Ex-Officio Members (Non-Voting)
Chairperson - Research Technologies Committee
Chairperson - Teaching and Transformational Learning Technologies Committee
Director - Instructional Technology Services
Director - Enterprise Information Systems

Architecture & Infrastructure Committee

The IT Architecture & Infrastructure Committee (AIC) provides input, recommendations, and architected solutions on IT infrastructure service types including the data and voice network, email, calendar and productivity tools, as well as IT infrastructure services provided at scale, such as networking, database, data center colocation, identity management, storage services, backup services, web applications, and hardware services.

Meeting Cadence
Monthly

Members
Permanent Members (Voting)
Texas A&M IT - Chief Technology Officer (Chairperson)
1 Texas A&M IT Representative (By appointment of the CTO)
1 Academic Services IT Representative (By appointment of the Vice President for Enrollment & Academic Services)
5 IT Professionals (By appointment of the Vice President for IT and CIO)
1 Division of Finance and Administration IT Representative (By appointment of the Vice President and CFO)
1 Vice President for Research Representative (By appointment of the Vice President for Research)
1 Division of Student Affairs IT Representative (By appointment of the Vice President for Student Affairs)
1 Faculty Member (By appointment of the Provost)

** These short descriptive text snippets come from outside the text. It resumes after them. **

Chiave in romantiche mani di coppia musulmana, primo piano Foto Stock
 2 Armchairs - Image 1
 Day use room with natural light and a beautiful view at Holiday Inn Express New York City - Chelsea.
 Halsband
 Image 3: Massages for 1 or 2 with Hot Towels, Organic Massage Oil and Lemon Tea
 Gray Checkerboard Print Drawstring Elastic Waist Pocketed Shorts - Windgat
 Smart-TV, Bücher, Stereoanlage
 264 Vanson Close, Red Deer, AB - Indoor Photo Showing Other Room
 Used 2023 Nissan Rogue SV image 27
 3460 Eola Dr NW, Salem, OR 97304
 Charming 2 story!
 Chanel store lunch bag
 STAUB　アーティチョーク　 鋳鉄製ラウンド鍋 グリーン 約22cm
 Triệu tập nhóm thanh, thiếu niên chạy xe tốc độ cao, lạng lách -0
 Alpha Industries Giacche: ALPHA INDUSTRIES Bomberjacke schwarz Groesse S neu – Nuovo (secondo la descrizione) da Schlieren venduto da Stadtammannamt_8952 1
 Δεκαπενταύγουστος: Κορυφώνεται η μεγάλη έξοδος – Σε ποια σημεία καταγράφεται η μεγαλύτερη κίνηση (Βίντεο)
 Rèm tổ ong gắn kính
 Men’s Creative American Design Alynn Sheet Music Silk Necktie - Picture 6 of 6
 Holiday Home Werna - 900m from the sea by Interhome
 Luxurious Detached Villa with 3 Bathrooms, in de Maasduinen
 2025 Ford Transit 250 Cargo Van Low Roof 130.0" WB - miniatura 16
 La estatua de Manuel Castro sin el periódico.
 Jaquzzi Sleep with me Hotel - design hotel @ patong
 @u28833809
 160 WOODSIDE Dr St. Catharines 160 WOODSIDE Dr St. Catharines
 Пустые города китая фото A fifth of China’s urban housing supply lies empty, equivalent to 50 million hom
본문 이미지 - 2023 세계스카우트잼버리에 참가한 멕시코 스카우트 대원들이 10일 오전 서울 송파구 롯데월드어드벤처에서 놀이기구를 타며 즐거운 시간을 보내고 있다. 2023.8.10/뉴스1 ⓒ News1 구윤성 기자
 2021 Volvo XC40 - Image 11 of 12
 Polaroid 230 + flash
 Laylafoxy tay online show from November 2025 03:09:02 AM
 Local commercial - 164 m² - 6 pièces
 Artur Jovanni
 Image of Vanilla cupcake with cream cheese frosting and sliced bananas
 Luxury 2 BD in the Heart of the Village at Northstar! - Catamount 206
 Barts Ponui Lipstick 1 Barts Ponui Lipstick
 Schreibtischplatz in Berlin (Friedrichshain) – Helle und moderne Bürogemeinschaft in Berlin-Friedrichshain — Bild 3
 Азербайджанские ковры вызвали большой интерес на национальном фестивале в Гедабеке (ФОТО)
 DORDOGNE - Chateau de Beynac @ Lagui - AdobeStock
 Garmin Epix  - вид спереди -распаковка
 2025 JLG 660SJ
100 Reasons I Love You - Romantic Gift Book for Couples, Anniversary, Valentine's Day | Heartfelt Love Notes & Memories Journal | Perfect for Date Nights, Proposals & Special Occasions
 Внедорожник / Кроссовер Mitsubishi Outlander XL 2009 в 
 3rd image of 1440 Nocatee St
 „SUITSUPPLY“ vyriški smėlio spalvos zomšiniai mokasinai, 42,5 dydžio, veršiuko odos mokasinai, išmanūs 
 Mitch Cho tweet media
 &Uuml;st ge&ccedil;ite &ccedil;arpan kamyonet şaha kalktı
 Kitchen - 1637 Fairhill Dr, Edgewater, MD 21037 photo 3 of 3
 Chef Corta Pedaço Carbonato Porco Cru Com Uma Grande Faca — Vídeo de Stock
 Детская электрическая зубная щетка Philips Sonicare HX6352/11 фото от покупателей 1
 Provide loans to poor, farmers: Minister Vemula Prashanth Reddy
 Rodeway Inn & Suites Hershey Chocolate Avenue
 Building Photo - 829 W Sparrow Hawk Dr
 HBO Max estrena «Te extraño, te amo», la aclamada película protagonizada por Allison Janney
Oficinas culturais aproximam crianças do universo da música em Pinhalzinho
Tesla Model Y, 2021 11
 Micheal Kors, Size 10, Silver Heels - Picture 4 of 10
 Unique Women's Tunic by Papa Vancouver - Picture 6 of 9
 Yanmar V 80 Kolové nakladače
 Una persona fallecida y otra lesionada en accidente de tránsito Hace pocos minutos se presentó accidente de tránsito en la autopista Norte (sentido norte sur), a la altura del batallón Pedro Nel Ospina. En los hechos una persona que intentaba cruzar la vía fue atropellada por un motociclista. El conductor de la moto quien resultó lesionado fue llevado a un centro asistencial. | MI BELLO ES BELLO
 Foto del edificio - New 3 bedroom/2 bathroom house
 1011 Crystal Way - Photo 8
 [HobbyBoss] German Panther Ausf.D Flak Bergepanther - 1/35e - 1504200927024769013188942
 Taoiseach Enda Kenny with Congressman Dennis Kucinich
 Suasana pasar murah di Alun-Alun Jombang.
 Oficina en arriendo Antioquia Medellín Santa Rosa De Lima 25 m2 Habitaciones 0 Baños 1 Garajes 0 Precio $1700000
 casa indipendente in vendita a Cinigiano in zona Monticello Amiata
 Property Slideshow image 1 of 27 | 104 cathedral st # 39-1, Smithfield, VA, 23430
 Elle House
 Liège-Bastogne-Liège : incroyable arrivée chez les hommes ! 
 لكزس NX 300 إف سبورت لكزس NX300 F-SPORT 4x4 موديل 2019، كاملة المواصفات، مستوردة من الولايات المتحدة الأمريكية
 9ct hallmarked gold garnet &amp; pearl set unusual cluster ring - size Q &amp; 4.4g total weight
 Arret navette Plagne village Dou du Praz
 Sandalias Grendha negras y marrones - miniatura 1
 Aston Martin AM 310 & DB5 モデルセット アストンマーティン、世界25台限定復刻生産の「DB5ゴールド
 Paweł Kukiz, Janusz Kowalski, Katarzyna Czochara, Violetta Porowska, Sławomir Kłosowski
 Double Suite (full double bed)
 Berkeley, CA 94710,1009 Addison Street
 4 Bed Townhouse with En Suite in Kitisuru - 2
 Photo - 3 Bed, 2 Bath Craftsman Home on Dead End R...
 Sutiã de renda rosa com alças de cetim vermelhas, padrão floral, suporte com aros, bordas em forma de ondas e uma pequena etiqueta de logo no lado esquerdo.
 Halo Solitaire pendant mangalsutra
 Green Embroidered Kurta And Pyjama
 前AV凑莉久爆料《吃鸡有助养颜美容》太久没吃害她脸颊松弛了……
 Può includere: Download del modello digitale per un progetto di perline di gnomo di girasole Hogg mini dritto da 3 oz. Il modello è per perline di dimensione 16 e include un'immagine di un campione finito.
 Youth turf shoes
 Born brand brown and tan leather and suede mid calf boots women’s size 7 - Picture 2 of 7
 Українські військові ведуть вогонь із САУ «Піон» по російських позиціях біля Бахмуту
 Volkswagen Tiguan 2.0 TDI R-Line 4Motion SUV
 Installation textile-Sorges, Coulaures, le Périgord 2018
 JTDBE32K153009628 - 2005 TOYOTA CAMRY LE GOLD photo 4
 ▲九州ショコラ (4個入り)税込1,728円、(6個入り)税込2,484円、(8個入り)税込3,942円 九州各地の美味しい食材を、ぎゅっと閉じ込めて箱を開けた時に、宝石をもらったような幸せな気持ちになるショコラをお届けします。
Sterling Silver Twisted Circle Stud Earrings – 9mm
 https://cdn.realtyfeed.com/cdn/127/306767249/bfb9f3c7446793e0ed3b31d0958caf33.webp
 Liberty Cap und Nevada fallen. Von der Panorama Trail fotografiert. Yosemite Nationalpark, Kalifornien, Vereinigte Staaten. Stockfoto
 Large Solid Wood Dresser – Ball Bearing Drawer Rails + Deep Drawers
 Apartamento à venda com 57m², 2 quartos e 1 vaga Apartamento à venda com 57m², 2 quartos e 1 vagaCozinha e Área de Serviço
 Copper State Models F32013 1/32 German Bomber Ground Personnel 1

Ex-Officio Members (Non-Voting)
Chairperson - Enterprise Applications Committee
Texas A&M IT - Associate Director for Networking
Texas A&M IT - Chief Systems Engineer (or Designee)


[1] One campus leader from among the Presidential appointments must be from the Health Sciences Center.

[2] Selected representative from Texas A&M University – Galveston must be a faculty member.

[3] Selected representative from Texas A&M University – Qatar must be a faculty member.

[4] Appointment is not required to be a faculty member.

[5] Administrative appointment, but considered as a faculty member.